This repository hosts files and conversion scripts related to the St. Lawrence Island / Siberian Yupik Eskimo Dictionary compiled by Linda Womkon Badten (Aghnaghaghpik), Vera Oovi Keneshiro (Uqiitlek), Marie Oovi (Uvegtu), and Christopher Koonooka (Petuwaq); edited by Steven A. Jacobson; and published by the Alaska Native Language Center at the University of Alaska Fairbanks in 2008.

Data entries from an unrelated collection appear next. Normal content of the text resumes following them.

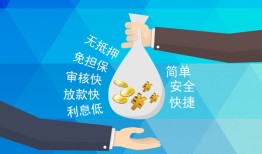 成都5正规短借-成都5民间短期私借借款-成都5地区身份证贷款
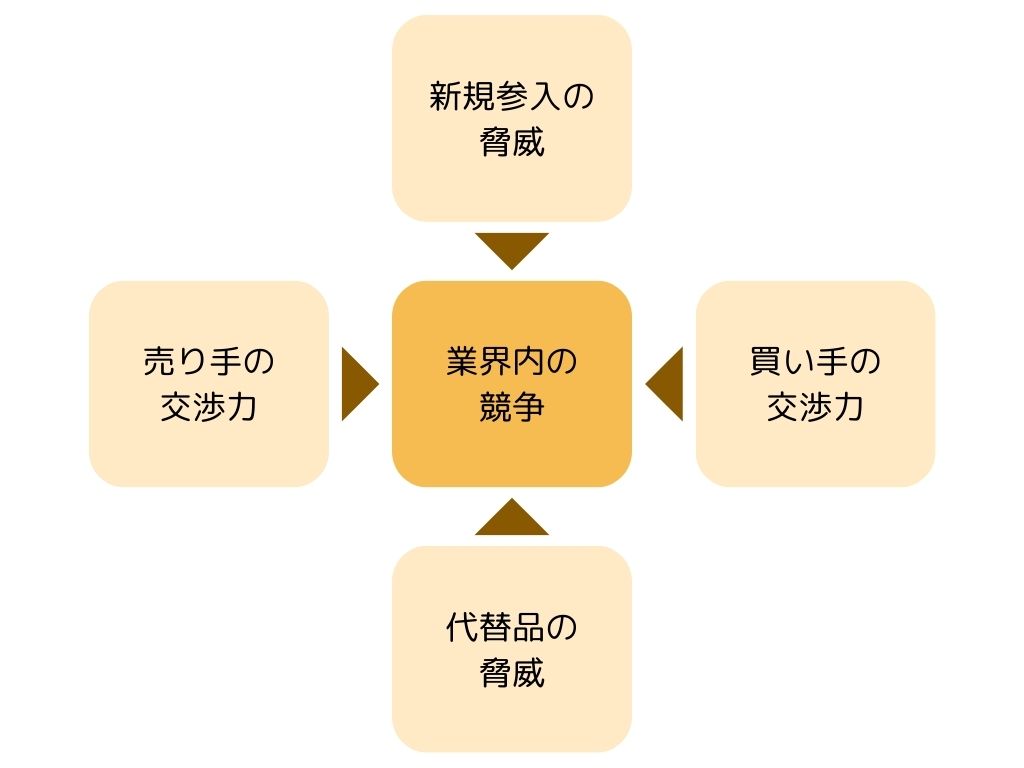 ファイブフォース分析の概要や実施方法は？メリットや具体例をわかりやすく解説、図1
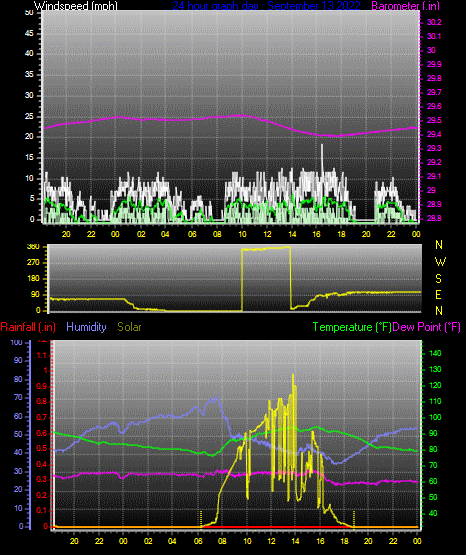 Click here for todays 24 hour graph:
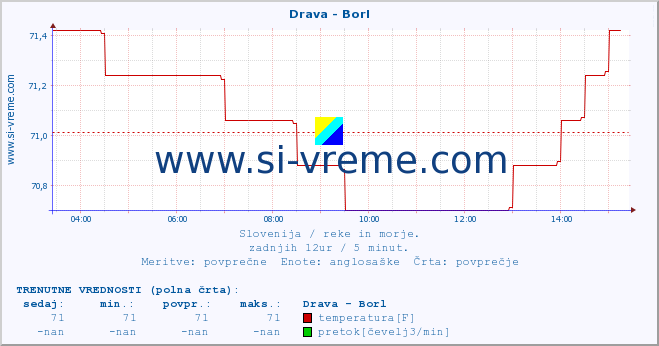 POVPREČJE :: Drava - Borl :: temperatura | pretok | višina :: zadnji dan / 5 minut.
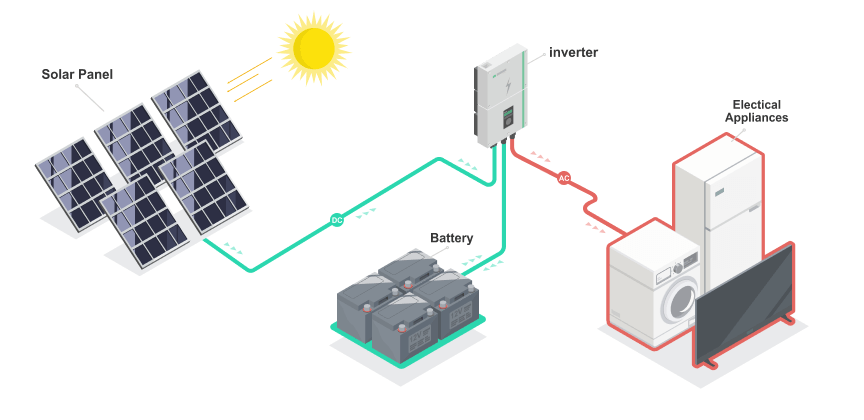 off grid solar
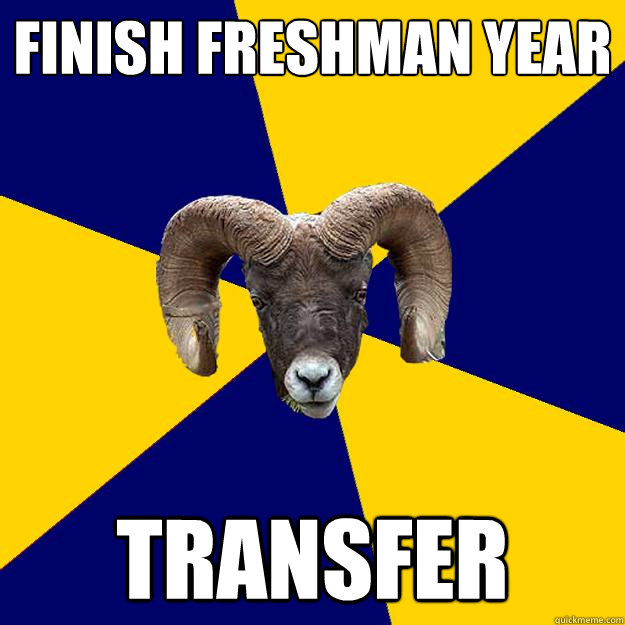 Finish freshman year Transfer  Suffolk Kid Ram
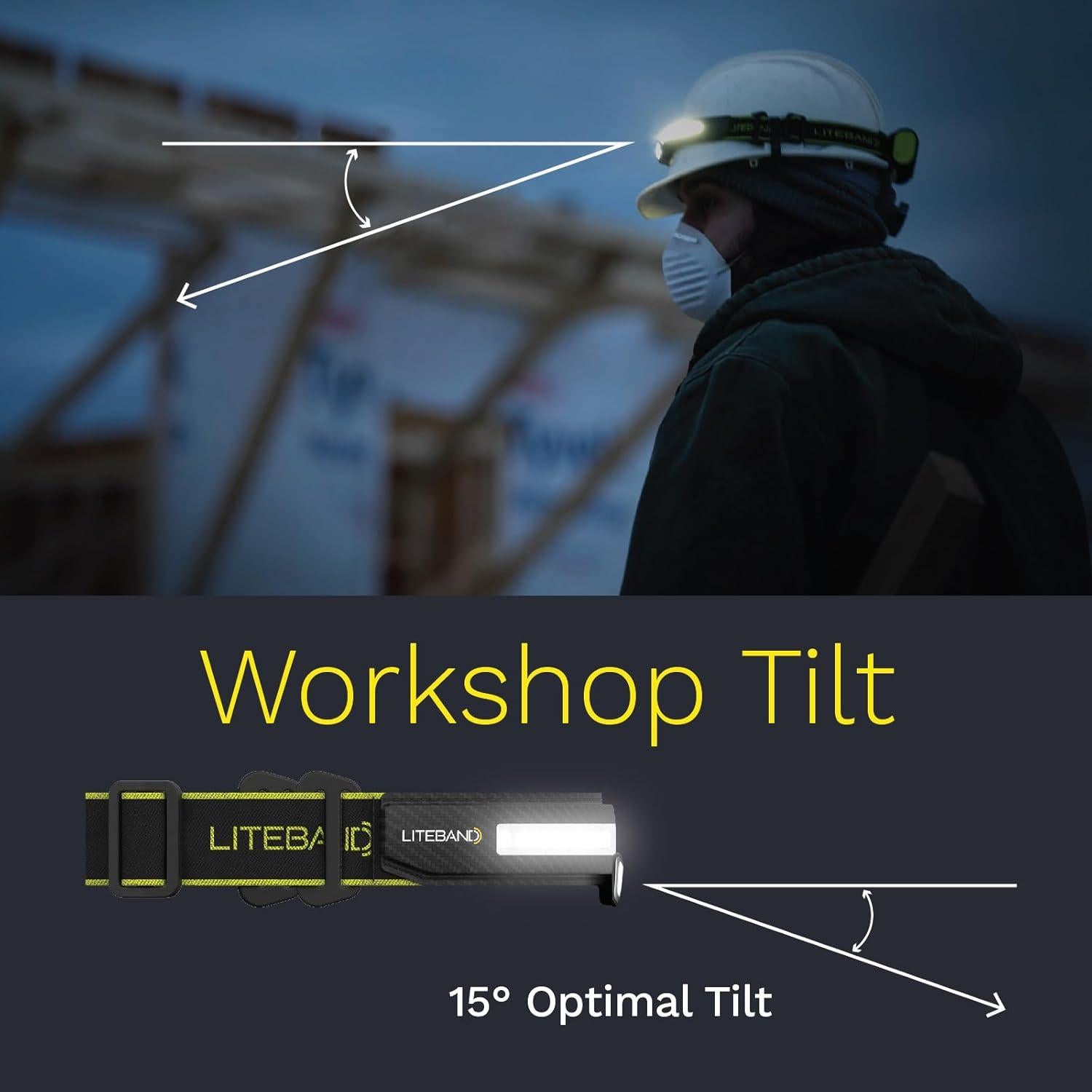 Linterna Frontal LED Liteband PRO 1500 Lúmenes Camo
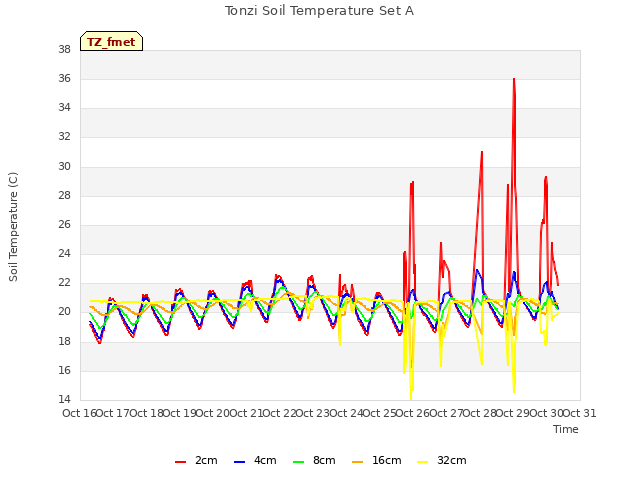 plot of Tonzi Soil Temperature Set A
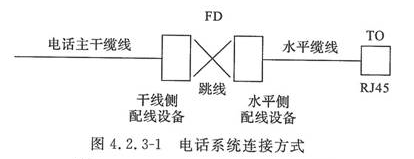 图4.2.3-1  电话系统连接方式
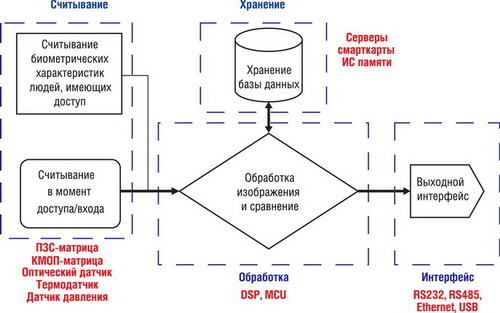 Основные элементы биометрической системы доступа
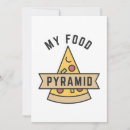 Recherche de pizzeria vœux cartes Pizza
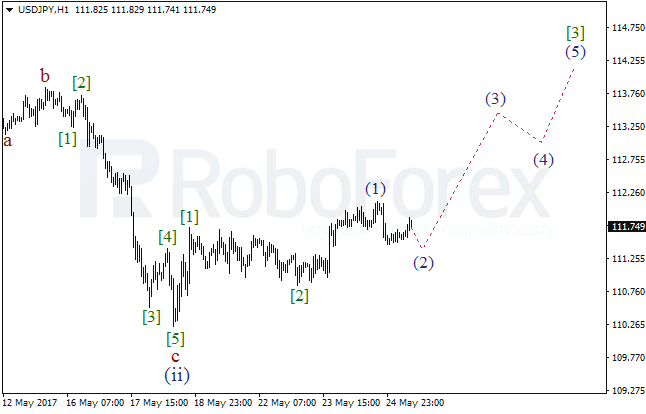 Обзор по волновому анализу USD/JPY на 25 мая 2017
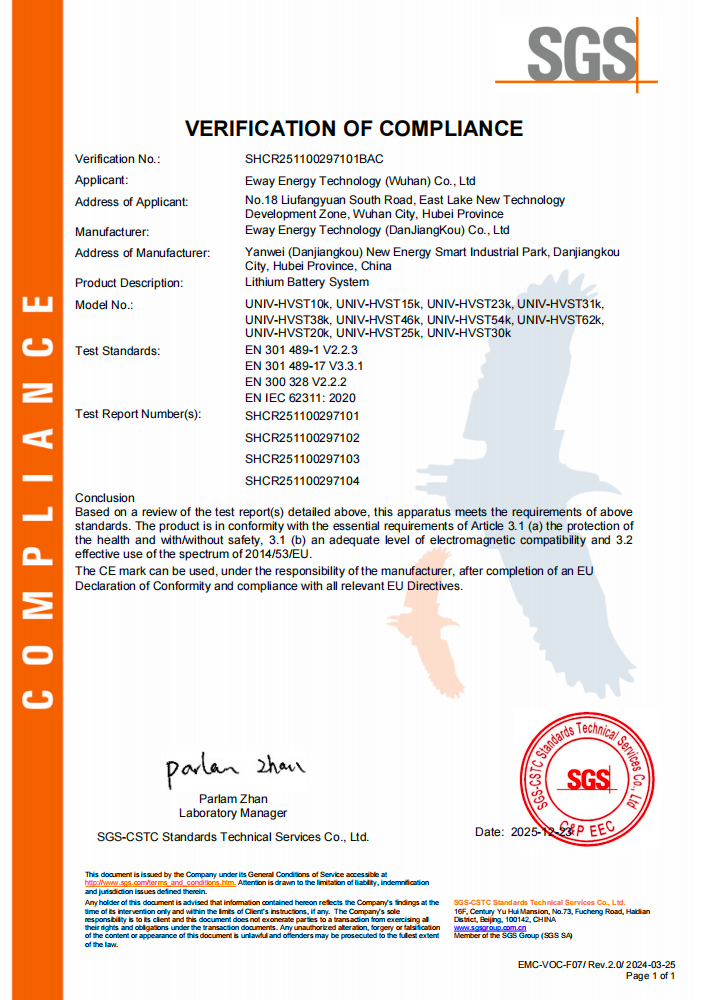 EASYWAY RED certification document for energy storage system communication compliance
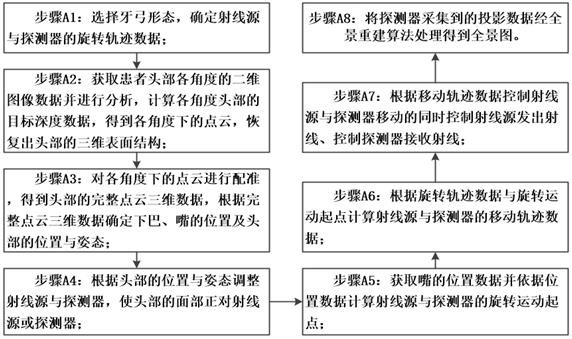 一种全景头部定位方法、定位系统及其操作方法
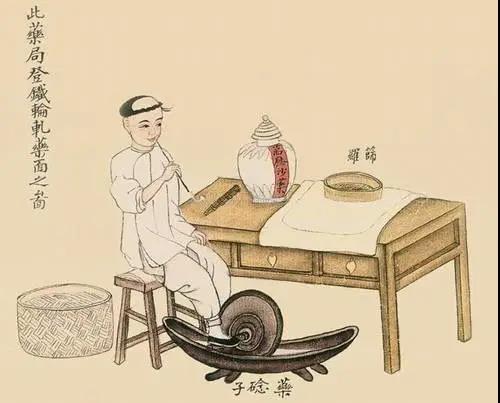 中药炮制方法与药效之间的关系 - 御本堂集团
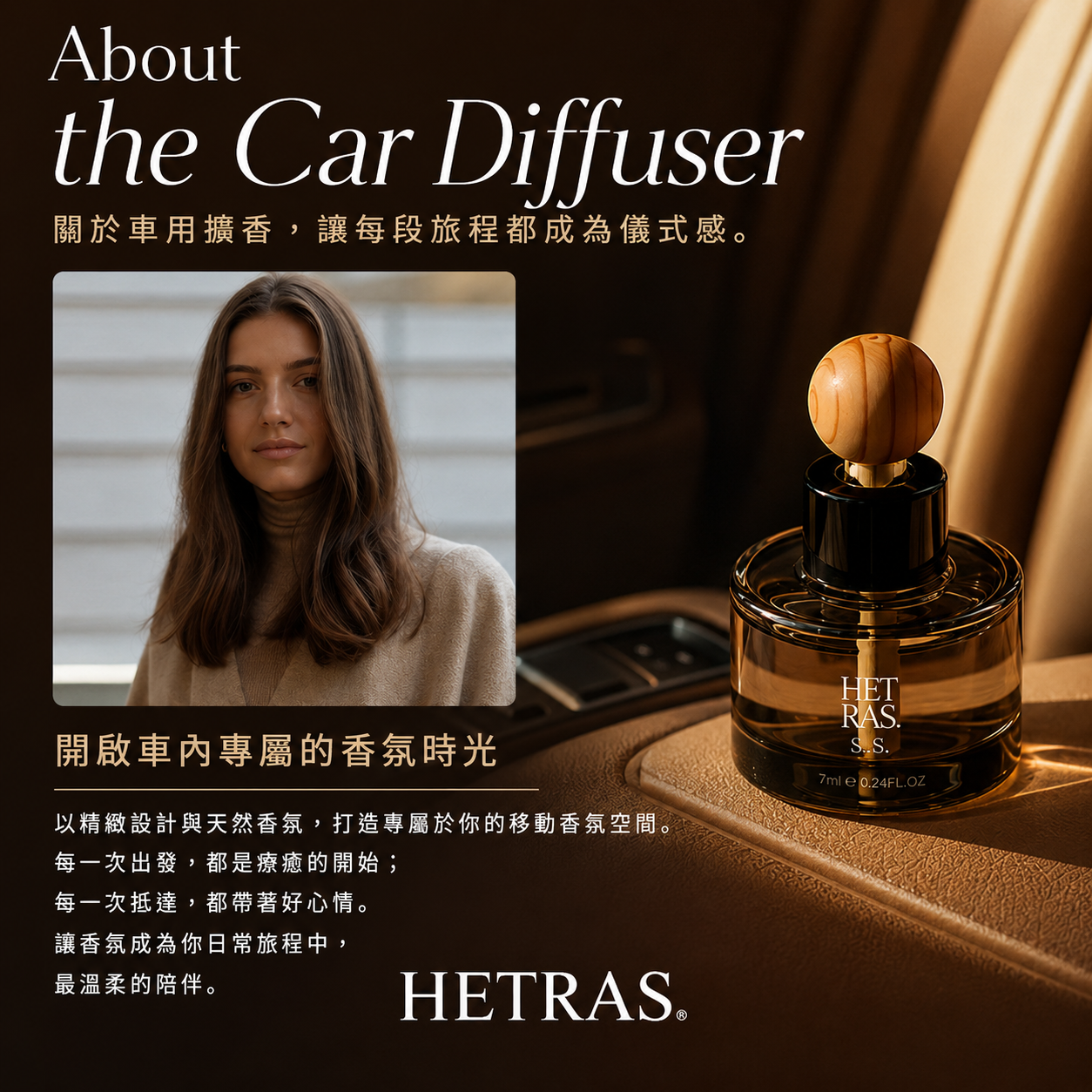 hetras 車用擴香瓶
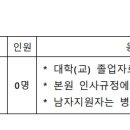 원광대학교 치과병원 방사선사(계약직) 모집 재공고 (~4/30) 이미지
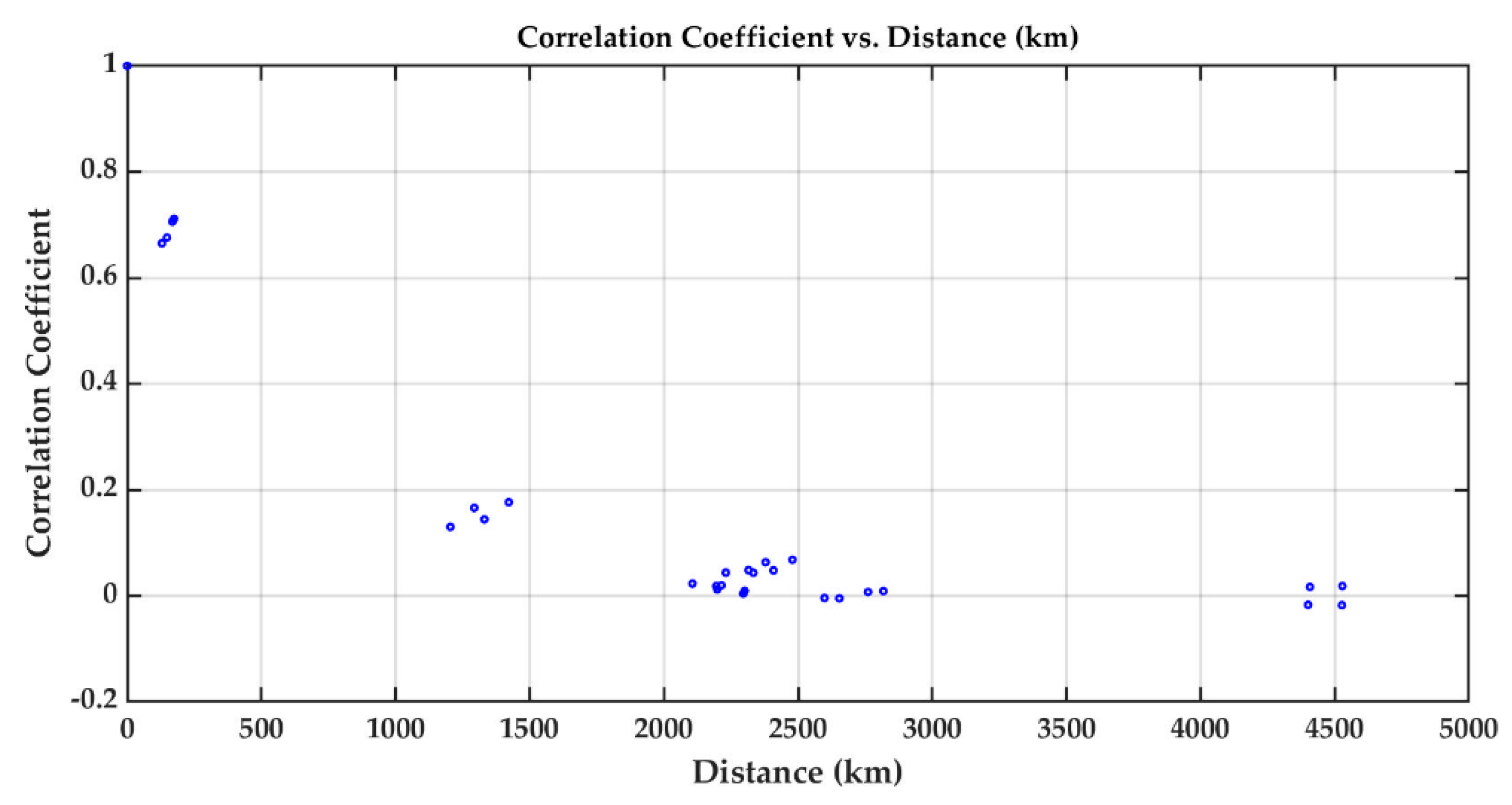 Energies 14 06127 g003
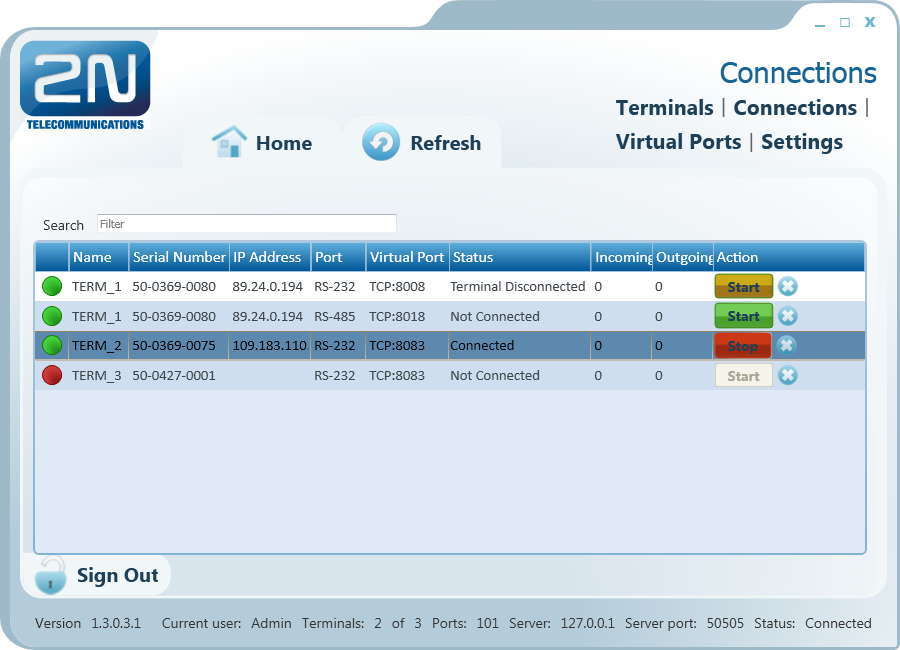 Pužití 2N SmartCOM Cntrl Panel 7.3 Cnnectins Obrázek 7.7 Menu Cnnectins Menu Cnnectins bsahuje tabulku, ve které jsu zbrazeny terminály, které mají přidělen některý virtuální prt.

The code directory contains the following files:
This Python script requires Python 3.7 or later and the BeautifulSoup4 Python library, which can be installed in a local virtual environment as follows:
python3.7 -m venv venv
source venv/bin/activate
pip3 install beautifulsoup4
deactivate
The code can then be run as follows:
source venv/bin/activate
./code/html2xml.py data/foo.html
deactivate
Where base
or postbase
is substituted for foo
as appropriate.
This code is responsible for cleaning up the formatting tags and whitespace in the original html file, and creating the XML files. The idea is that this script should contain all of the tweaks and hacks necessary to handle any oddities in the original source files. The original source files themselves should not be edited.
The data directory contains the following files that were extracted from the original FileMaker Pro source files:
These files should not be edited.
The RTF files were produced using the following procedure:
- The relevant Filemaker Pro file was opened.
- Within Filemaker Pro, the Script Workspace was opened, and a new script was creating. The scripting command Copy All Records/Requests was added to the file, and the script was saved and then run.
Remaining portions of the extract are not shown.